En los últimos días de un viaje a México, y antes de empezar a volcar «impresiones de viaje», quise reflexionar sobre nosotros, los argentinos, y ellos, los mexicanos, preguntándome si existe una identidad común, un Nosotros más grande que nos engloba. Nada muy original, por supuesto: he escrito bastante en el blog sobre el asunto y muchos compatriotas lo han hecho con mayor profundidad: pensadores tan diferentes como Ugarte, Abelardo Ramos y Escudé. Mi amigo Alejandro Pandra se està esforzando en estos días en convocar a quienes estèn dispuestos a militar en la construcción de ese «Nosotros» iberoamericano…
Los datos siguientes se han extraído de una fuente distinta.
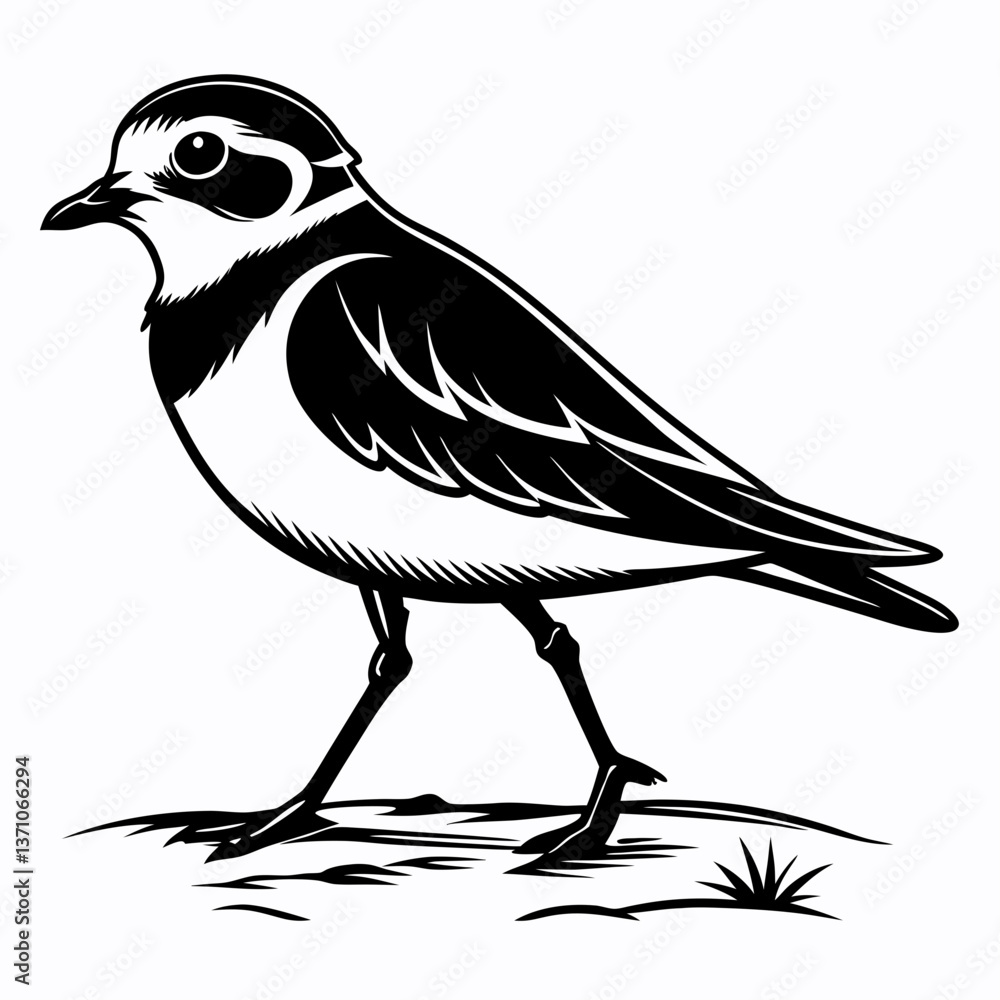 Obraz premium Piping plover black silhouette icon vector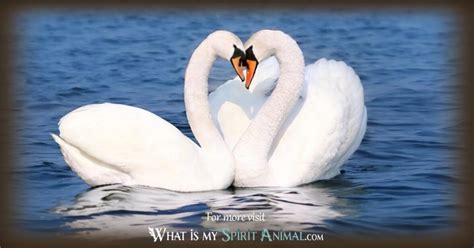 Swan Symbolism & Meaning | Swan Spirit, Totem, & Power Animal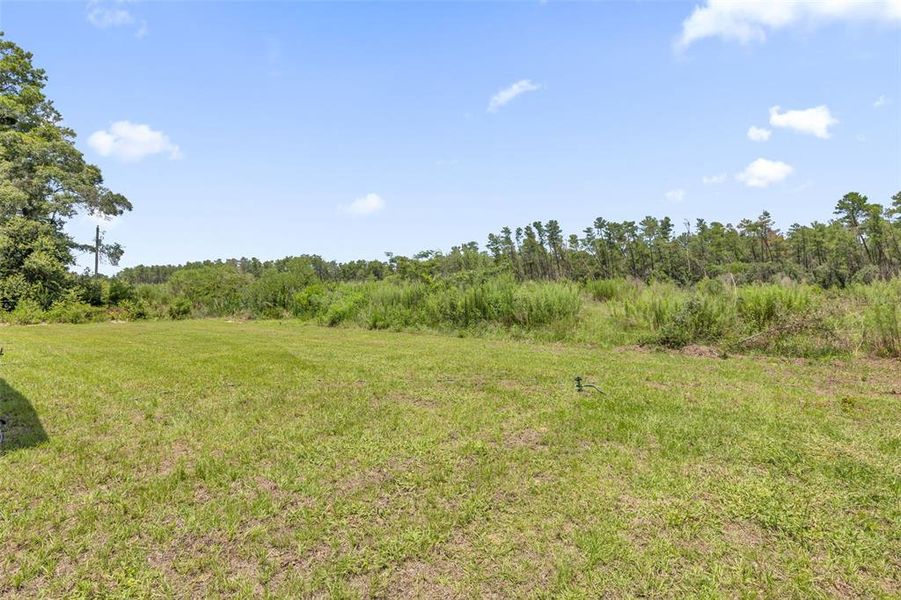 Natural landscape and outdoor views near  in Ocala (Image 47).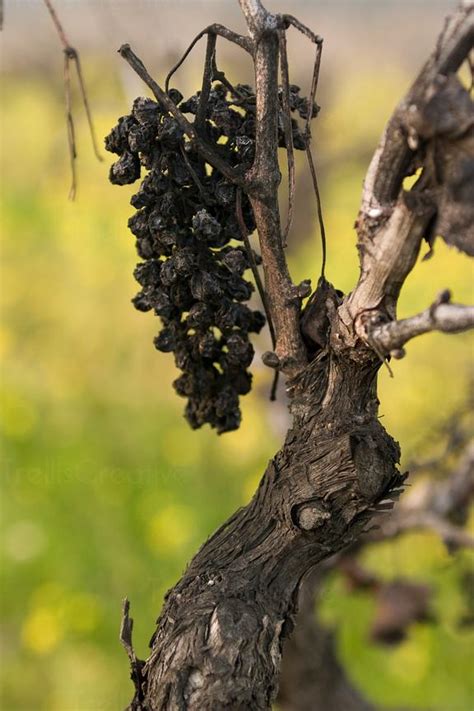 Image Dried Cluster Of Wine Grapes Rots On A Dormant Vine High Res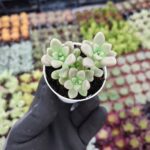 Graptopetalum mendozae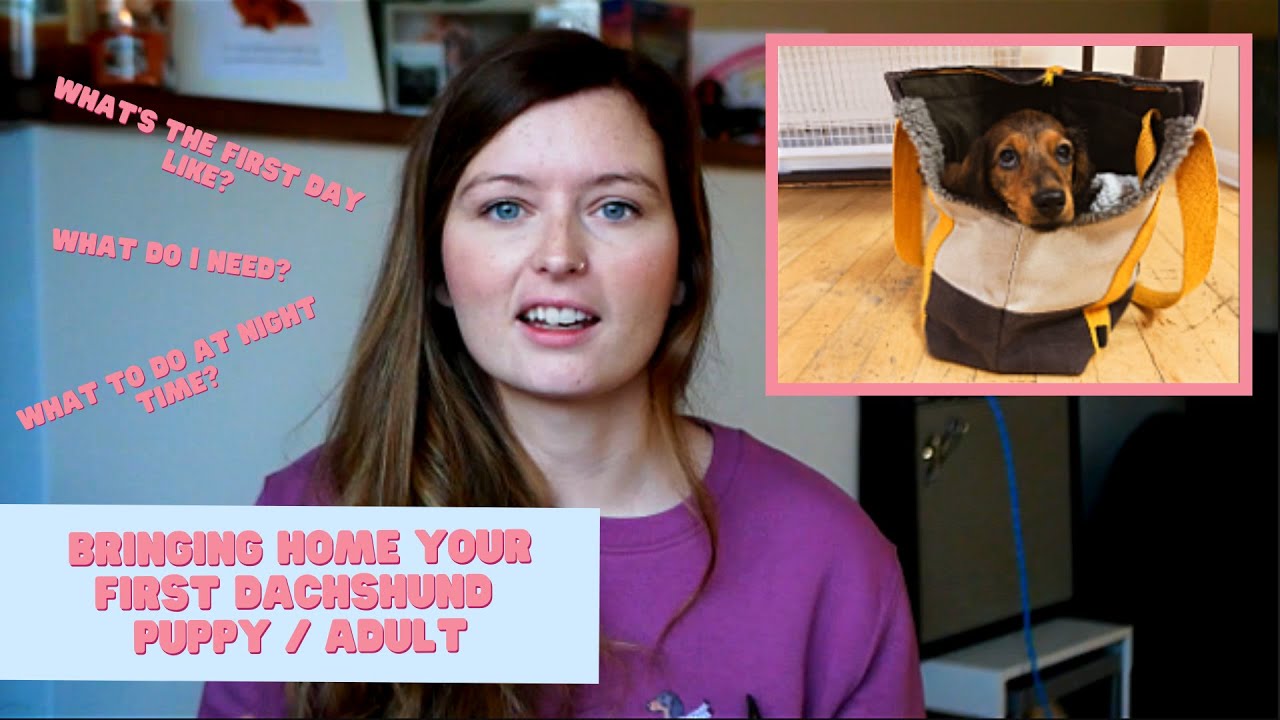 Bringing your new Dachshund puppy or adult home | Miniature Dachshund UK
Como creo que ya se han dado cuenta, mi inclinación es por el pensamiento práctico, aún a costa de la profundidad. Y por eso parto de una percepción directa: esa identidad común existe y cualquiera puede darse cuenta de ella: No es sólo el idioma: el castellano y el galaico-portuguès están, como dialectos, mucho más cerca que, por ejemplo, el catalán. Hay algo más importante: las diferencias, muy notorias, que hay entre un argentino y un mexicano, un colombiano y un brasileño, por ejemplo, son de un orden muy diferente a las que hay entre cualquiera de ellos y un alemán o un iraní. Como toda percepción directa, es inútil analizarla: se la percibe o no. Yo, como muchos otros, la percibo.
Ahora, esa inclinación por lo práctico que mencioné, me hace pensar si esa identidad común se refleja, o puede reflejarse en el futuro, en realidades concretas, como son la política y la economía. Sobre esto, recordé lo que uno de mis periodistas favoritos, José Natanson, escribió aquí cuando Kirchner fue elegido secretario de Unasur, hace ya unos cuantos meses. Me parece un excelente punto de partida, del que voy a copiar con alguna extensiòn, porque quiero agregar mis propias observaciones luego.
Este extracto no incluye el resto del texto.